Rev. Billy Vaughan, Project Director of the Center for Faith and Imagination at MTS, remembered Gene Davenport, longtime Lambuth professor and newspaper columnist, in the Jackson Sun:
I had no idea what “civil religion” was when I arrived at Lambuth College in 1972. I’m fairly sure I assumed it was about religious people who are civil to each other despite their differences of opinion. By the end of my freshman year at Lambuth, after taking Old Testament and New Testament with Gene Davenport, I learned what “civil religion” is really all about. My life has never been the same.
Years later I wrote that Gene Davenport, Brady and Emmy Lou Whitehead, Charles Mayo and others at Lambuth turned my world upside down. I added that, on my better days, I had forgiven them. When Gene read that line he chuckled.
Gene Davenport understood all too well that it isn’t easy to have the veil lifted in this culture. Three years into my journey with Gene as teacher and mentor, I found myself walking out of the church where I was serving as youth director when the service began by displaying the flag, and the congregation singing “The Star Spangled Banner.”

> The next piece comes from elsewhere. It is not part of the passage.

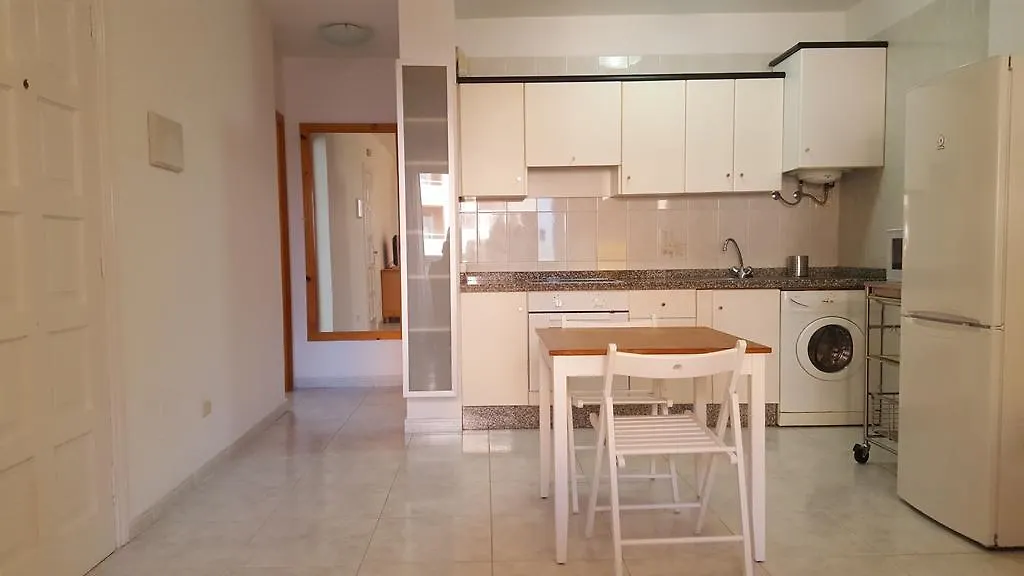 Nice Beachfront Apartment With Ocean Views El Medano  0*, El Medano (Tenerife)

Because I’d studied with and been mentored by Gene Davenport I knew that such an alliance between church and state — “civil religion” — has damaged both the church and the world. Such an alliance, Gene helped me see, leads to a “Christ” that baptizes virtually any and all of the wars of the state. It gives divine power to Caesar and keeps those of us who claim a Christian vocation from seeing the new order, the new creation, to which we’re called in Jesus Christ.
So … yes, Gene, I got it. That veil and many others were lifted over the years of our friendship.
Gene introduced me to Will Campbell, James Cone, William Stringfellow, Jacques Ellul and Thomas Merton. We read “A Black Theology of Liberation,” “My People is the Enemy,” and “Seeds of Hope.” But in the end, we always came back to the “primary text” for Gene — the Scriptures.
Anyone who knew Gene Davenport, knew of his love for the Scriptures. Both Old and New Testament texts were more to him than documents to be studied. Gene was like a great rabbi, who never reduced the texts to the “merely literal” (his words) handwriting of God. They were his companions, and he was in a lovely dialogue with them every day.
His love for such dialogue made Gene an extraordinary teacher and guide. He insisted on hearing from his students. He wanted us to respond to writers, ideas and theology, not just feed back to him something shared in a lecture.
In my first semester in Old Testament class, Gene required a weekly “response paper.” I enjoyed writing them, but was sure we’d be graded on information memorized from the books and his lectures. Then came the midterm exam. And though Gene warned that we should avoid regurgitating information, several of us went with our past educational experience. We played the feedback game. We were certain he would be pleased with the good information we “knew.” I got my very first “D slip” in college in Gene Davenport’s class. I also received an automatic institutional invitation to seek tutoring!
But Gene was my tutor. I didn’t need another. I simply needed to take seriously his call to have skin in the game, so to speak. I needed to join the conversation and journey.
I did. And I have. And my Christian life is infinitely richer, and, hopefully on most days, more real, because I was blessed with a teacher, mentor and friend who would simply not settle for less — in himself first of all, but also in his students and friends.
I know of no better words to describe Gene Davenport than to say that he was a tender prophet. We will miss him more than he could ever have imagined.